Obviamente, nenhuma foi encontrada e a ironia é que, apesar de Red Bull e Ferrari terem anunciado a saída quase de forma conjunta, ambas tinham razões diametralmente opostas: uma sentia que a Fota falhou em policiar o acordo, enquanto a outra acredita fervorosamente que a proposta deve ser alterada para eliminar qualquer necessidade de fiscalização. Uma ironia ainda maior é que o Acordo de Restrição de Gastos surgiu justamente para proteger equipes como Red Bull e Ferrari da queda de braço que era a F1 na época de Honda, Toyota e BMW, todas essas já fora da categoria.

Com todo o crédito que o chefe da McLaren, Martin Whitmarsh, tem na função de líder da Fota, ele tentou difundir a entidade ao longo do ano, mas o fato é que a adesão à associação é voluntária, conforme provou a Hispania, quando saiu dela no início de 2010. Agora, duas das principais equipes do grid decidiram se desligar da instituição que elas próprias ajudaram a fundar, em 2008.

Há aqueles que acreditam que os anúncios das duas escuderias - que ganharam a companhia da Sauber, que também tomou decisão similar, aparentemente seguindo a Ferrari - vai beneficiar Ecclestone em sua capacidade de diretor geral da F1 quando as negociações sobre a renovação do Pacto de Concórdia recomeçarem.

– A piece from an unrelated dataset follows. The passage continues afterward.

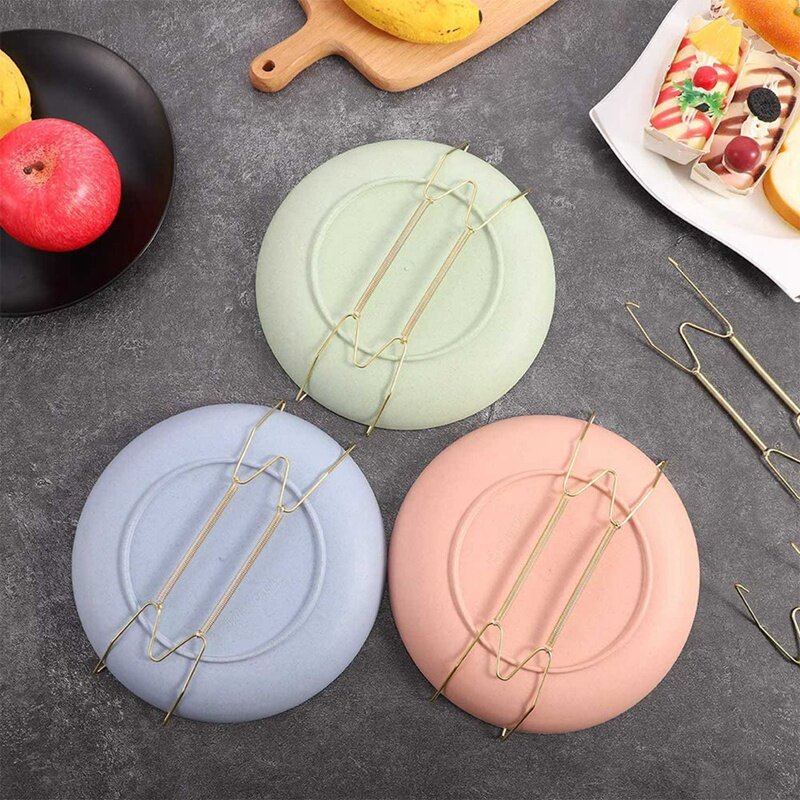 Edelstahl platte Kleiderbügel für Wände kompatible dekorative Platten Haken Geschirr Diaplay Halter mit 40 Stück Wand haken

Isso está previsto para acontecer a partir de 1º de janeiro de 2012, um ano antes da expiração do atual acordo.

O Pacto de Concórdia permite que os detentores direitos comerciais façam ofertas individuais a cada equipe por sua participação na categoria a partir de 2013 já no ano que vem. Portanto, mais uma vez a questão se concentra nas mãos de Ecclestone. E ele sabe o quão desgastante foi a última rodada de negociações, quando foi forçado a reconhecer e legitimidade da Fota, que, por sua vez, conseguiu dobrar a participação das equipes nos lucros comerciais da categoria para 50% do total.

Dessa vez, a expectativa era de que a Fota tentasse alavancar o percentual a 75% ou até 80%. Porém, se Bernie puder fazer acordos individuais com Red Bull, Ferrari e Sauber, ele irá quebrar os propósitos da Fota, já que é uma verdade dizer que quem controla a Ferrari controla a F1. Dito isto, a Fota deve se reinventar como uma organização cooperativa contra os mandatários para garantir melhores acordos aos times independentes.

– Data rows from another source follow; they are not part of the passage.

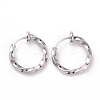 Electroplated Brass Twisted Tubular Hoop Earrings for Women EJEW-G299-01B-P-1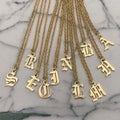 Personalized Pendant Old English Alphabet Necklace Stainless Steel Initial A-Z Letter Necklace for Women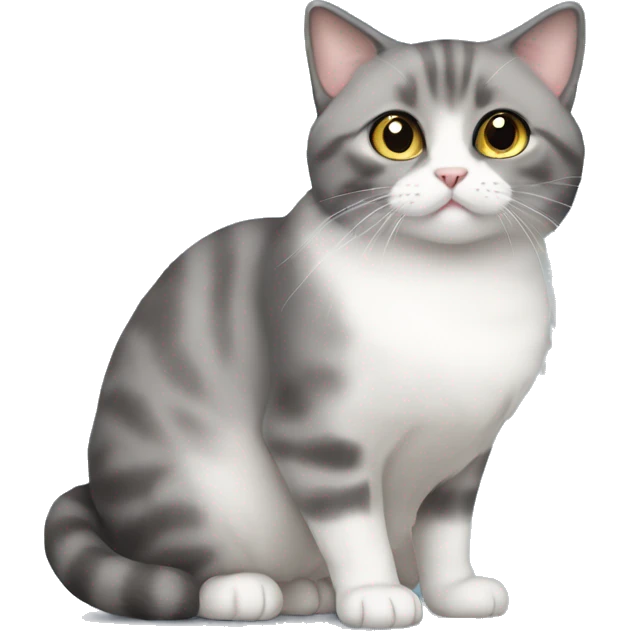 Gray munchkin cat sitting  emoji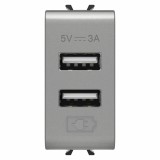 Priza USB tip A 1M alimentare dubla 5V 3A Gewiss Chorus titan GW14447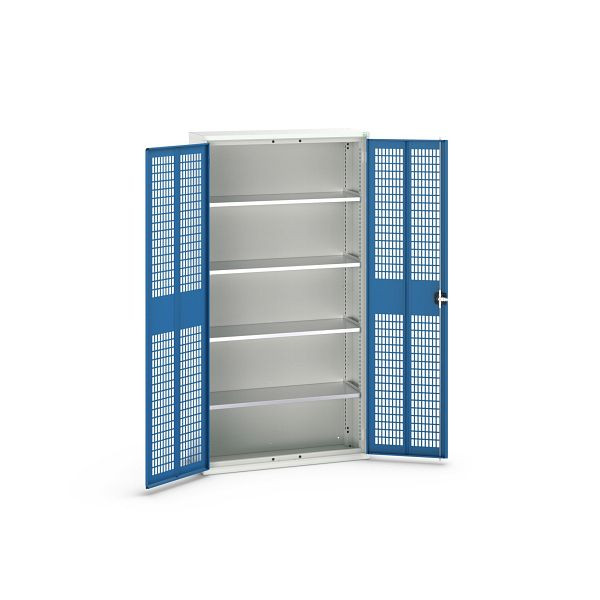bott verso Flügeltürschrank mit Belüftung, mit 4 Fachböden, BxTxH: 1050 x 350 x 2000 mm, Lichtgrau / Enzianblau, 16926753.11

Aliado a tudo isso, os quatro rebeldes (incluindo a Hispania) devem retornar à entidade, reforçando seus pontos de vista, para que todos entrem em um consenso de que a Fota é a única defesa para que não sejam esmagados, tanto pelos detentores dos direitos comerciais, de um lado, quanto pelos administradores da categoria, do outro. Desde que Mosley saiu, a FIA parece ter adotado uma postura mais amena, mas, ao mesmo tempo, os donos dos direitos comerciais não se tornaram mais aprazíveis.

Independente do que venha a acontecer, as equipes pareciam bem unidas na oposição à realização do GP do Bahrein, há menos de um ano atrás. Quem pode dizer que elas não vão provar isso novamente?